Frente a ella está el más espectacular cuadro de la escuela veneciana. Las Bodas de Caná de Paolo Veronese, de más de sesenta metros cuadrados, robado por Napoleón durante su campaña de Italia del refectorio del convento de San Giorgio y nunca devuelto bajo el pretexto de que su tamaño impedía el viaje de regreso sin dañarlo, consideración que no se tuvo en cuenta en su viaje de ida. Es la apoteosis del lujo y el color que representa por igual el poder de La Serenísima y el esplendor de su arte. Nada parecido a lo que debió ser el modesto escenario de Galilea donde Jesús realizó su primer milagro de convertir el agua en vino. Es en realidad una fiesta de la alta sociedad veneciana, con sus mejores galas y joyas, en un palacio renacentista (fue pintado a mediados del Siglo XVI).
Más de 150 figuras que reúnen todo lo que viste y calza en la ciudad, los músicos, los cocineros, la servidumbre que atiende el banquete. En la mitad La Virgen María y Jesús, un poco fuera de lugar, con sus halos y sus trajes modestos. Una imagen llena de color y movimiento. Todo lo que la Mona Lisa con su atuendo y su paisaje de fondo, oscurecidos ambos por los barnices, no es.
Y detrás del módulo donde está la señora, han colgado el Concierto Campestre (la Fête Champetre), que por años se le atribuyó a Giorgione, muerto a los 30 años en una epidemia de peste, que llevó a que otros pintores terminaran sus obras.
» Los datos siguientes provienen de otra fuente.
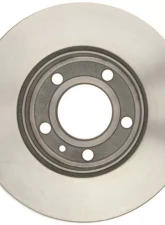 Raybestos Brakes Raybestos Specialty - Street Performance Brake Rotor                                     - 96460 - Image 2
Hoy se le atribuye al gran maestro Tiziano, de larga vida, quien dejó una obra enorme en todos los géneros, pinturas religiosas, mitológicas, retratos, frescos.
Entre ellas el Concierto Campestre, dos poetas, uno tocando el laúd, entre los árboles, escoltados por dos mujeres desnudas. Aquello que podría ser el principio de una bacanal, se supone que es la poesía inspirada por las musas, aunque es inevitable no sentir que hay algo muy erótico en esa escena, un desafío a las convenciones sexuales del catolicismo imperante y una revolución en la manera de pintar, donde el color es el protagonista. Colgado a espaldas de la señora, la muchedumbre que abandona el salón simplemente no ve ese cuadro que ha sido catalogado por su composición, su tema y su colorido como una pieza clave en la historia de la pintura veneciana.
La señora, en cambio, apenas sonríe. Nadie podría decir que es una belleza y los años le han caído encima. Hacía parte del equipaje de Leonardo Da Vinci cuando viajó a Francia en 1516, ya viejo contratado por Francisco I. El Rey le compra el cuadro y desde entonces hizo parte de las colecciones reales. Poco conocido, a su alrededor se crea un mito, especialmente luego de su robo en 1911 y su rescate dos años más tarde. No es el cuadro más bello, ni el más importante en la historia del arte, pero sí el más conocido, que es la diferencia entre fama y notoriedad.